Nicholson, Eliza Jane (1849–1896)
Nicholson, Eliza Jane (1849–1896)
American newspaper publisher, journalist and poet. Name variations: Eliza Jane Poitevent; Eliza Jane Holbrook; (pseudonym) Pearl Rivers. Born Eliza Jane Poitevent on March 11, 1849, in Hancock County, Mississippi; died on February 15, 1896, in New Orleans, Louisiana; daughter of William James Poitevent (a lumberman and shipbuilder) and Mary Amelia (Russ) Poitevent; graduated from the Female Seminary of Amite, Louisiana, 1867; married Alva M. Holbrook (an editor and newspaper publisher), on May 18, 1872 (died 1876); married George Nicholson (a newspaper business manager), on June 27, 1878 (died 1896); children: (second marriage) Leonard Kimball (b. 1881); Yorke Poitevent Tucker (b. 1883).
Published poetry in writing anthology (1869); became literary editor of the New Orleans Picayune (1870); became publisher of the Picayune after husband's death (1876); elected president of the Women's National Press Association (1884); became first honorary member of the New York Woman's Press Club.

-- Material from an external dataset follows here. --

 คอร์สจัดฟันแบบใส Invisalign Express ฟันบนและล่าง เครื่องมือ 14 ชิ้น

Born into a large family in Hancock County, Mississippi, in 1849, Eliza Jane Nicholson was raised by her aunt and uncle on their farm, due to her mother's weak health. She started writing poetry in her early teens, and at 18, after graduating from the Amite Female Seminary in Louisiana, began submitting poetry to magazines and newspapers. These poems were signed "Pearl Rivers," a pen name taken from the river that ran by her parents' property. Nicholson's work soon appeared in the New York Home Journal, the New Orleans Times, and what would become the focus of her career, the New Orleans Picayune. (The paper had been named by its founders after a Spanish coin worth 6¼ cents to underscore the fact that it cost less than its competitors.) By the time she was 20, she had been featured in an anthology of Southern authors.

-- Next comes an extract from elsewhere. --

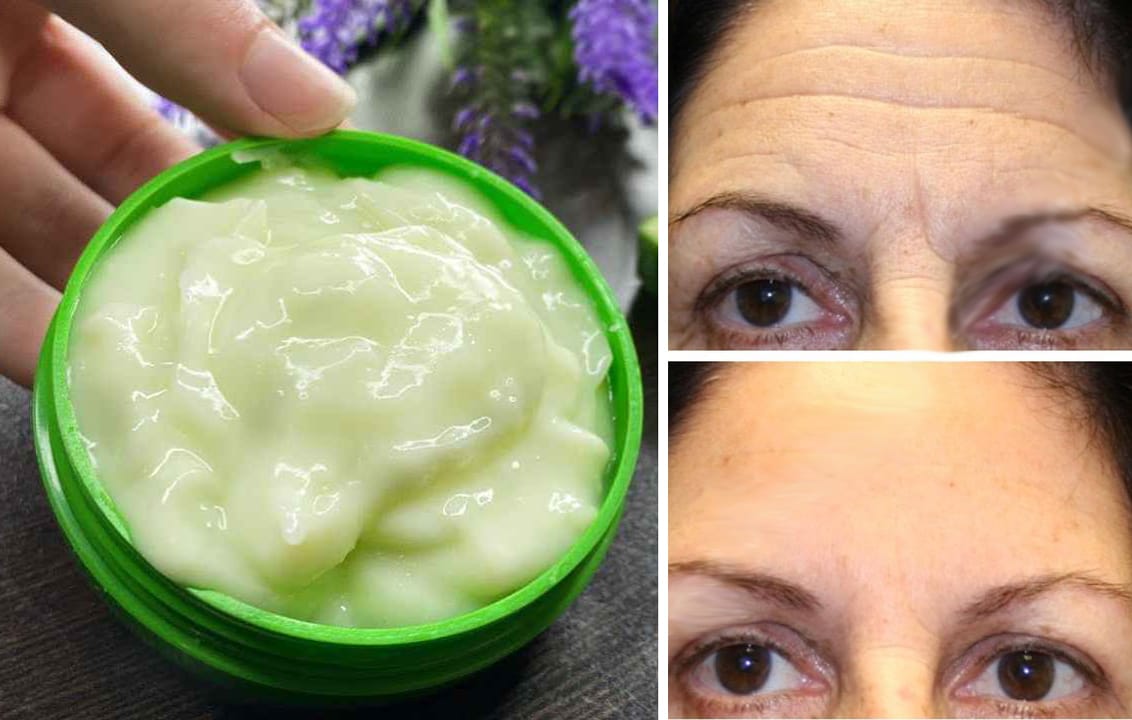Crema viso al collagene, è una potenza: niente rughe e pelle giovane!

The editor and owner of the Picayune was a transplanted Northerner named Alva Morris Holbrook, whom Nicholson met while on a visit to her grandfather in New Orleans. Holbrook, who was 41 years her elder, soon offered her the job of literary editor for the newspaper, which she accepted around 1870 despite opposition from her family. She lived with her grandfather and was paid $25 per week for work which included preparing the Sunday paper's literary section and choosing which poems would be published in the daily editions. Despite their age difference, Nicholson and Holbrook established a personal as well as a professional relationship. They were married in 1872, shortly after Holbrook had sold the Picayune to allow Nicholson to pursue her poetry.

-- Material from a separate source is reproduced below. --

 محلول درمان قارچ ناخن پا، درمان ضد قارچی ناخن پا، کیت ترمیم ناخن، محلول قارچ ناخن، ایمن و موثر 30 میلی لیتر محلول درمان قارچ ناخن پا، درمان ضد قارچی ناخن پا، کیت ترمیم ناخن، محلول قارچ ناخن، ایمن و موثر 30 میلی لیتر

However, she had time only to publish a collection of her poems, Lyrics (1873), before the paper reverted to Holbrook, because the new owners were unable to keep it afloat. Nicholson and her husband returned to newspaper work, and a little more than a year later, when she was 26, Holbrook died. She inherited ownership of the Picayune as well as its $80,000 debt. Once again ignoring the wishes of her parents, she rejected their advice to liquidate and instead took control of the newspaper.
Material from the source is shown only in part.